Fourteen of us gathered at Croton Point Park in Westchester late on the afternoon of June 17, the last day of the Clearwater Folk Festival. We took three of the gigs from Mother’s Beach, on the north side of the peninsula, and rowed them around the corner to the water access campsite, which is on the west side near the south tip. Since there are only a couple of small tent sites on the hill right above the beach, we climbed up to the regular campsites and set up outside a cabin under some trees.
The wakeup call was at 4:45 AM to catch the tide, which we did even though we didn’t shove till 6:30. We touched briefly on the west side at the foot of Hook Mountain, then proceeded south to the Nyack town dock and provisioned for the day and night at a Korean grocery just off Main Street (corn, eggplant, peppers, sausage).
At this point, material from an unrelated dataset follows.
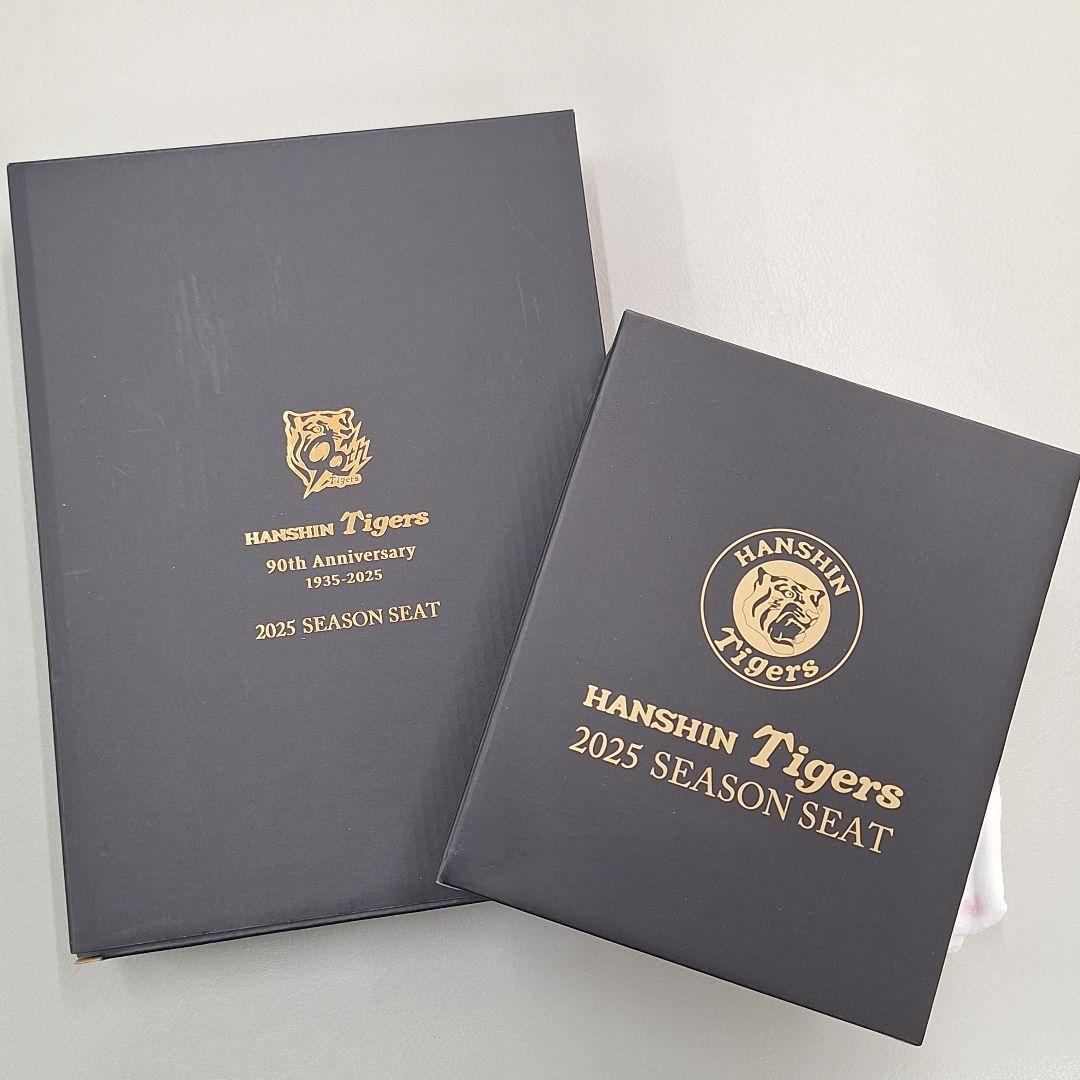 【非売品】阪神タイガース 歴代優勝ペナント型ピンバッジセット&ネックファン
By 10:30 we were around the tip of the Piermont pier, and half an hour later we pulled up at Italian Gardens to wait out the tide. Some of the group hiked up to the Earth Observatory and reloaded the water bottles there. Others swam or headed south along the Palisades trail or just slept.
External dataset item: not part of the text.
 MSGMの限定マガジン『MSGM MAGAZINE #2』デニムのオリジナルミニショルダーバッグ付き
At four we shoved with a cargo of four lost hikers who weren’t sure how to get back to Alpine. It was probably a bit too early for the ebb but on the other hand it seemed like the wind was coming up. A hard 40 minutes brought us to the little beach at the north end of the Alpine Boat Basin. There are some picnic tables there under the cliffs there with massive stone slabs for tops, and enough grassy verges for a half-dozen tents. It’s not normally a campsite, but since it’s exactly halfway between Croton and Pier 40--about 18 miles from each--we’d asked the Palisades Park for permission to camp there and they had very kindly obliged.
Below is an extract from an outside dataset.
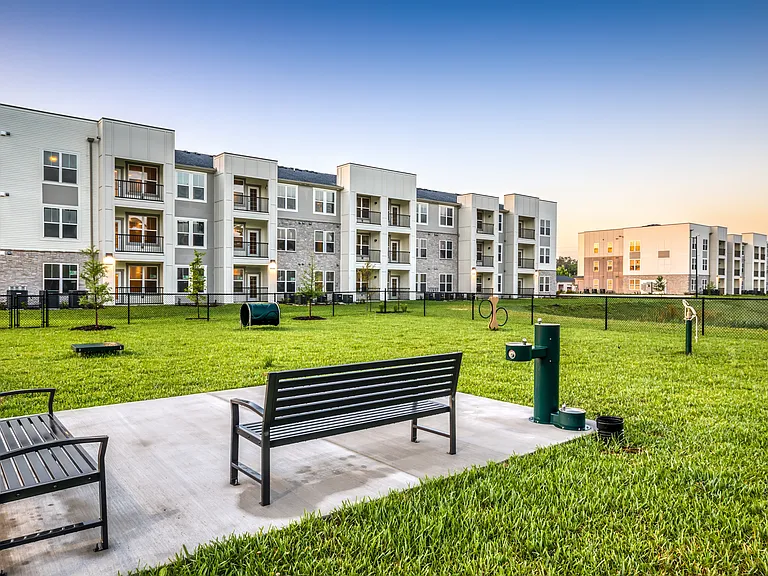 The Pointe at Davis Creek — Photo 36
Another 4:45 wakeup and this time we got off by 6:10. It was a fast one hour ride on the tide to the George Washington Bridge, which we hit at the peak of the ebb. There’s a new Whole Foods in Edgewater with a little mud cove just to the south; two of us waded in through the muck to get coffee and croissants, while Roger dove into the dumpsters and emerged with some perfectly good day old sushi. By then the wind was up and we had a good long pull to Hoboken, racing the barges and dodging the ferries. The whole way we marveled at the degree to which the New Jersey coast has been and is being sacrificed to rip-rap and the condo. Is there no governmental agency that looks after the waterfront there?
After a brief sojourn at the new, denuded Maxwell House Beach, we reboated and made a fast crossing to Pier 40, where we arrived at 11:05, an acceptable five minutes behind schedule.